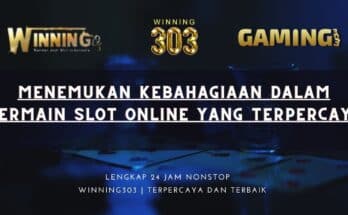 Menemukan Kebahagiaan dalam Bermain Slot Online yang Terpercaya!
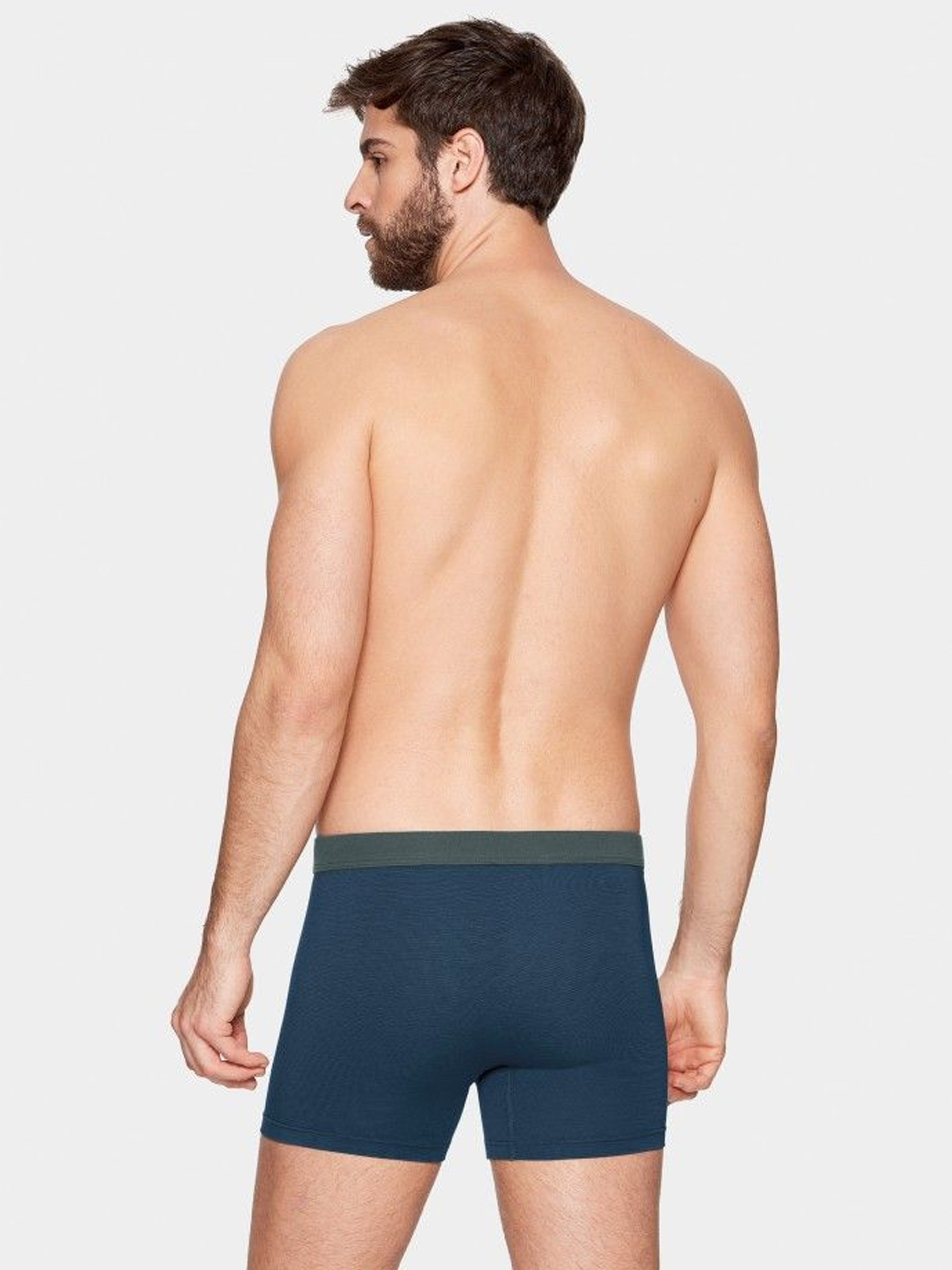 MEN'S RETRO BOXER SHORTS IM1224L78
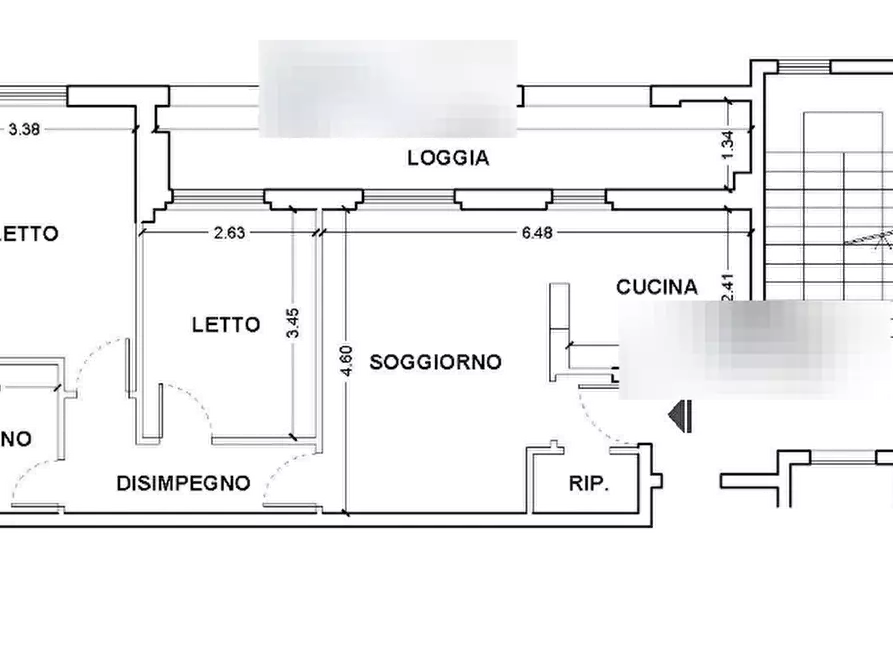 Immagine 10 di Appartamento in vendita  in Via Marcantonio Nicodemi a Tivoli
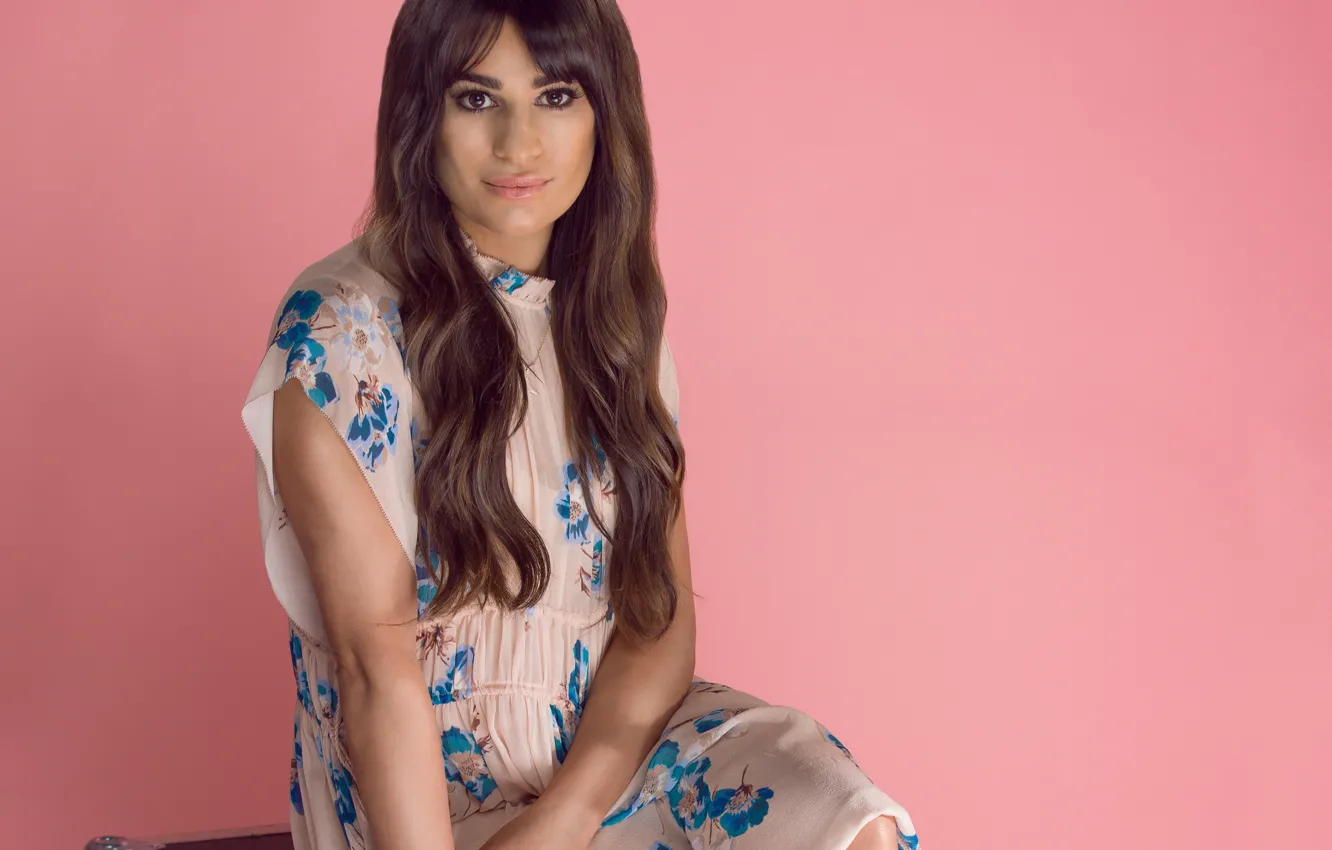 Фото обои актриса, певица, Lea Michele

→ PROBLEM STATEMENT
In the answer, retype exactly and only the lines from the one holding "MEN'S RETRO BOXER SHORTS IM1224L78" through the end of the listing, keeping both ends and dropping every picture.

→ WRITTEN SOLUTION
 MEN'S RETRO BOXER SHORTS IM1224L78
 Immagine 10 di Appartamento in vendita  in Via Marcantonio Nicodemi a Tivoli
 Фото обои актриса, певица, Lea Michele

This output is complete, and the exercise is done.